Fighting by two children or more is a normal phenomenon. Unless there is serious danger to any child’s life and limb or there is any property destruction, it is best to leave the children alone. If as a parent, you can stand it no longer, separate them for some time without attempting to blame them. And remember, the worst thing you can do when two children are quarreling is to go and try to find out who started it.
At home fighting usually arises with young children over property rights, like whose playthings it is and whose place to sleep. It is better for each child to have his own things. Some play items can be kept common and the children can take turns. As a parent we must see to it that the younger child be trained to respect the older one, and not to appropriate the things of the older child.
Don’t duplicate toys. Let one have a truck and the other a car. Then the two of them may have to exchange or cooperate.
When it comes to some other child visiting your home, the principle of individual ownership is hard to apply. Let your child, on arrival of another child who is likely to be destructive, put away his most precious things. Have on hand a few sturdy toys, which your child can share with his friend. This way both the children can enjoy and there is no fear of the toy breaking. If your child shares his toys, do appreciate him.

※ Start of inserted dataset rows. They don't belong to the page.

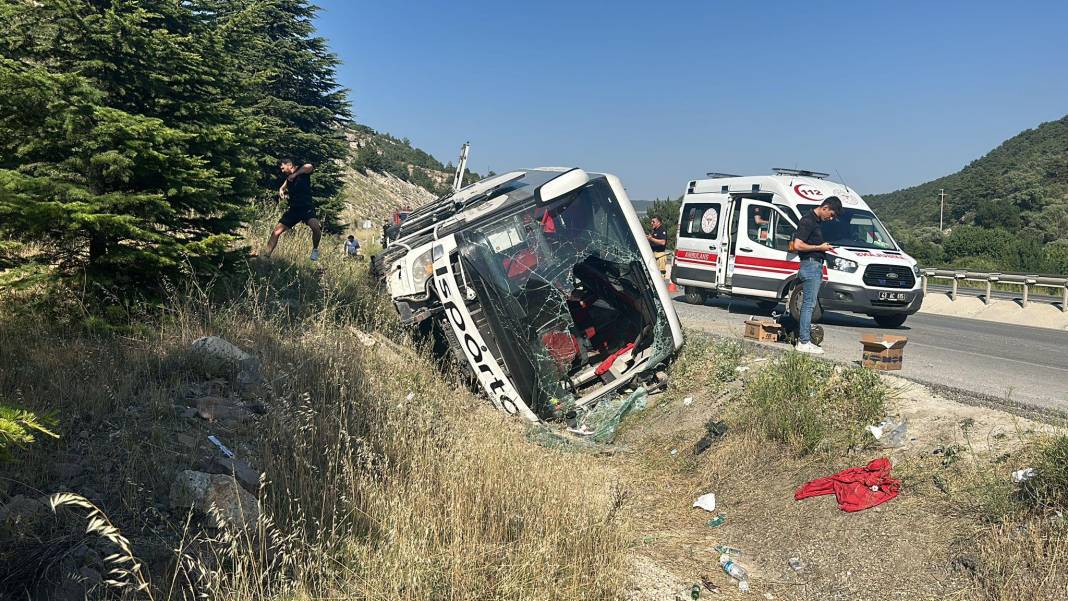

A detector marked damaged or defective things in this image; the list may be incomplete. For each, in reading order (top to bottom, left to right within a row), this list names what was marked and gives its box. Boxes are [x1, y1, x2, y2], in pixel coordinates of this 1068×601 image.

overturned bus [372, 168, 684, 422]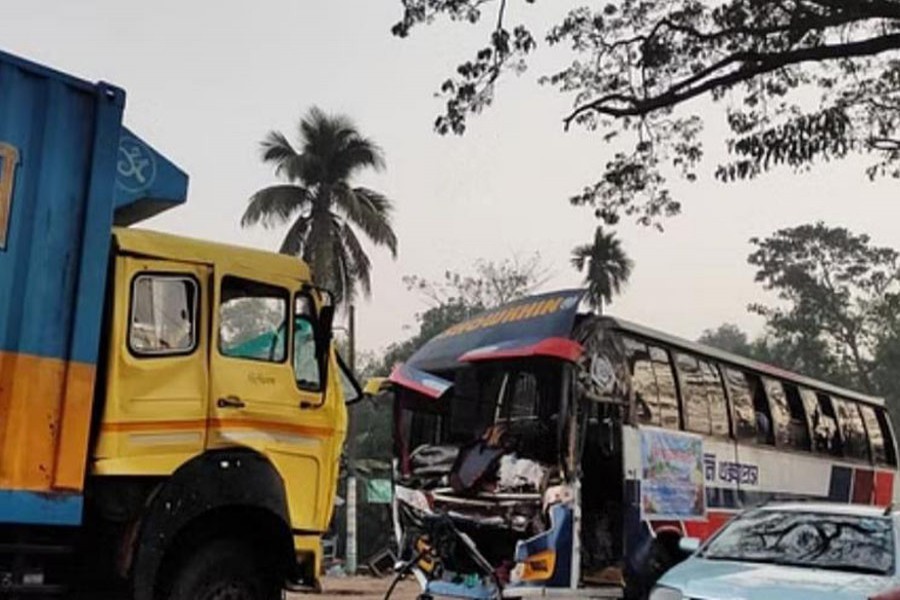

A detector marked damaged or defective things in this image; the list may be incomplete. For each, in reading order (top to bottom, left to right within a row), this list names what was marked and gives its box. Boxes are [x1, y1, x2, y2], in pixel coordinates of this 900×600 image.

collision damage [384, 290, 624, 596]
damaged bus front [386, 290, 624, 600]
crashed passenger bus [384, 290, 896, 596]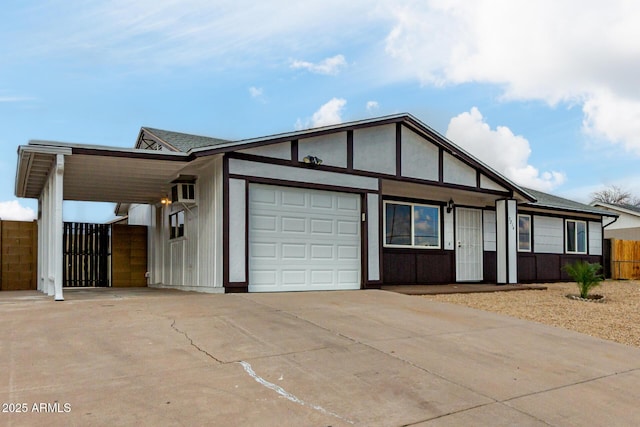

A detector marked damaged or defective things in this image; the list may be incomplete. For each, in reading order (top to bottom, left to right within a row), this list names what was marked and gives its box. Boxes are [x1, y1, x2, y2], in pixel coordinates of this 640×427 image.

driveway crack [170, 320, 225, 364]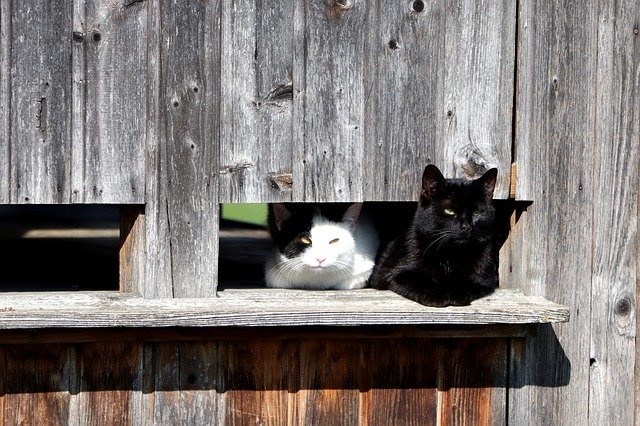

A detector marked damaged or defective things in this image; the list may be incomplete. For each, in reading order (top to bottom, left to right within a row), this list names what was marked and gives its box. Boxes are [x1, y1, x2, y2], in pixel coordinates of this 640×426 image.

splintered wood edge [0, 290, 568, 330]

Quarrelling on the playground is better if left to the children to settle themselves. If parents go out to defend their child, other children will take offence. Let your child retreat if he cannot defend himself. Train him early never to fight with sticks or stones. Your child may be quarrelsome when he is behind or lags in play skills. The more of correction then must be with the parents. The parents should introduce the child to the play skills where he lags.
Sometimes a child may pick a fight by calling other children ugly names. Such a child may also use these names before the parents and the parents should correct him immediately. There are some parents who themselves set a bad example in this direction.
We, as parents, should build up ideals and habits in child for peaceful play with his friends. And to achieve this, as parents we should practice these good behavior towards other people in his presence. The parent needs to cultivate a happy relationship with all the parents and their children of the neighborhood.